The couple faced the world's media after announcing they would tie the knot in 2011 following an eight-year courtship, with William saying he had felt it was the right time to propose.
The couple will marry in London next year in what will be Britain's biggest royal wedding since his parents Prince Charles and the then Lady Diana Spencer married at St Paul's Cathedral in July 1981.
Blinking in the glare of flashbulbs, Middleton told a press conference at St James's Palace that the second-in-line to the throne had popped the question during a holiday in Kenya three weeks ago, adding that he was a "true romantic".
"It's quite a daunting prospect but hopefully I'll take it in my stride. But William's a great teacher so hopefully he'll be able to help me along the way," said the 28-year-old.
William said the sapphire-and-diamond that his father, the heir to the throne, gave Diana in 1981 -- the pair showed it off themselves at a press conference nearly three decades ago -- was "very special to me".
Charles and Diana's union soured and Diana divorced him in 1996 amid accusations of mutual infidelity and claims that she had been frozen out by the royals. She died the following year in a car crash in Paris.
William said giving Kate the ring "was my way of making sure that my mother didn't miss out on today and the excitement and the fact that we're going to spend the rest of our lives together."
The official announcement, with details of the wedding to be announced at a later date, ended feverish speculation about when William would get engaged to Middleton, the daughter of a wealthy businessman.
Middleton and William met in 2001 at St Andrews University in Scotland where they were both studying art history. They broke up briefly in 2007 but soon got back together.
Prince Charles said he was "thrilled" at the engagement, joking: "They have been practising long enough."
Queen Elizabeth II and her husband Prince Philip were "absolutely delighted", Buckingham Palace said.
William described the moment he proposed in a television interview later on Tuesday.
"We had a little private time away together with some friends and I just decided that it was the right time, really.

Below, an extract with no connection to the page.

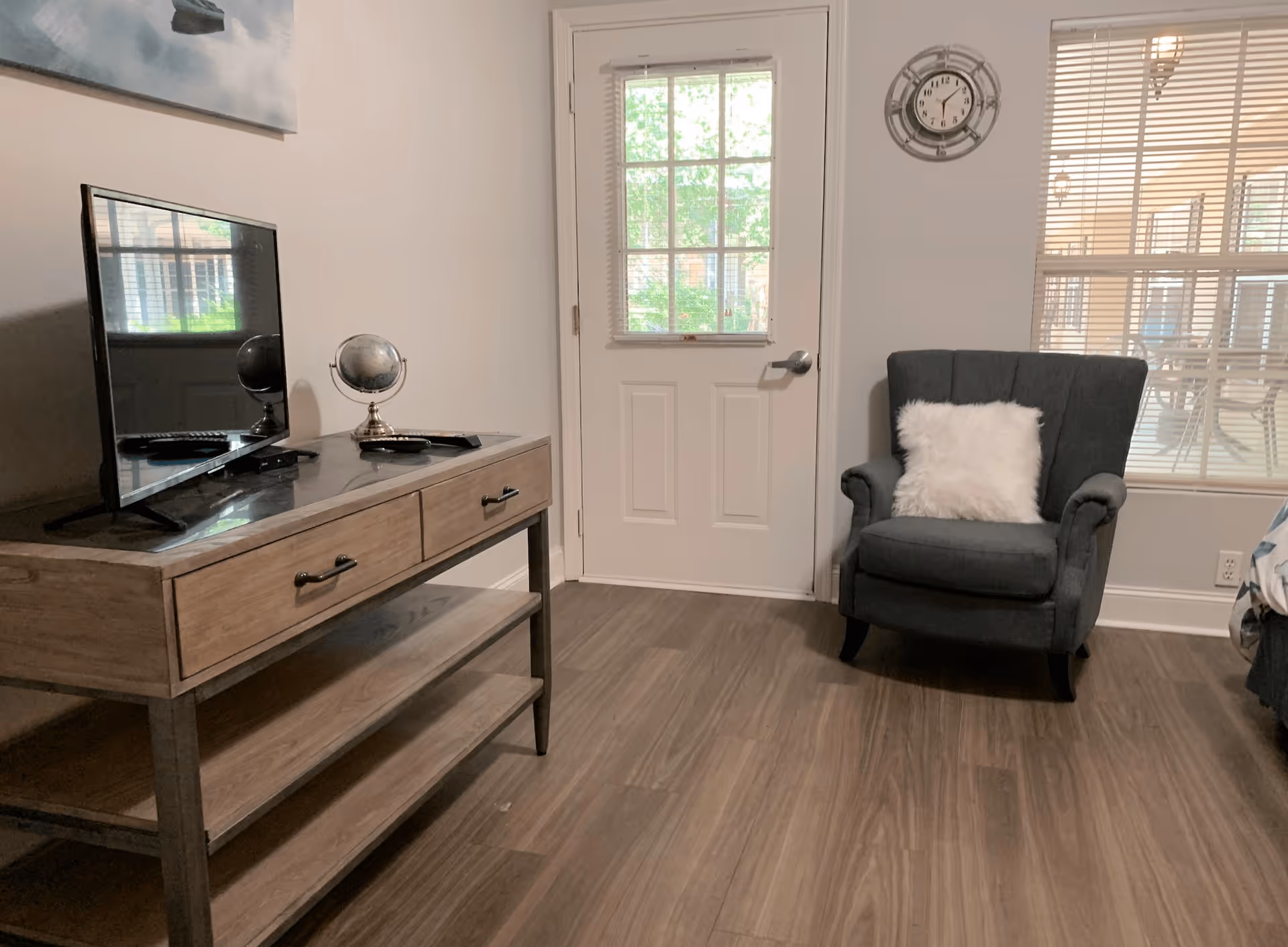 A cozy interior room with a wooden floor, a wooden console table holding a flat-screen TV and a small globe, a dark gray armchair with a white fluffy pillow, a white door with a window, a wall clock, and a window with blinds.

We had been talking about marriage for a while so it wasn't a massively big surprise," the prince said.
He said he had carried the ring around in his rucksack "for about three weeks" before proposing.
Asked about whether they planned to have children, William said: "We want a family so we'll have to start thinking about that."
A statement from Clarence House, Charles' residence and office, said that after marrying, the couple would live not in a palace but in north Wales where William is a Royal Air Force search-and-rescue helicopter pilot.
William's brother Prince Harry, who is training to become an army helicopter pilot, said in a statement he was "delighted that my brother has popped the question.
"It means I get a sister, which I have always wanted."
Kate's parents Michael and Carole said the family thought William was "wonderful" and "we are extremely fond of him."
Prime Minister David Cameron said the wedding would a "great moment for national celebration". He said his cabinet gave a "great cheer" when he told them the news.
The wedding is set to spread some joy in a Britain hit by economic gloom and austerity measures. It will happen a year before the queen celebrates her diamond jubilee marking 60 years on the throne and London hosts the Olympics.
Middleton's father was an airline steward and later became a flight dispatcher in charge of the British Airways fleet on the ground, while her mother was an air stewardess.
The couple made their fortune in the children's party business.
Messages of congratulation began to arrive from other parts of the Commonwealth, where William is second in line to become king.
"On behalf of all Canadians, I wish to congratulate His Royal Highness Prince William," Prime Minister Stephen Harper said in a statement.
"It would be an honour to welcome Prince William and his bride to Canada in the future."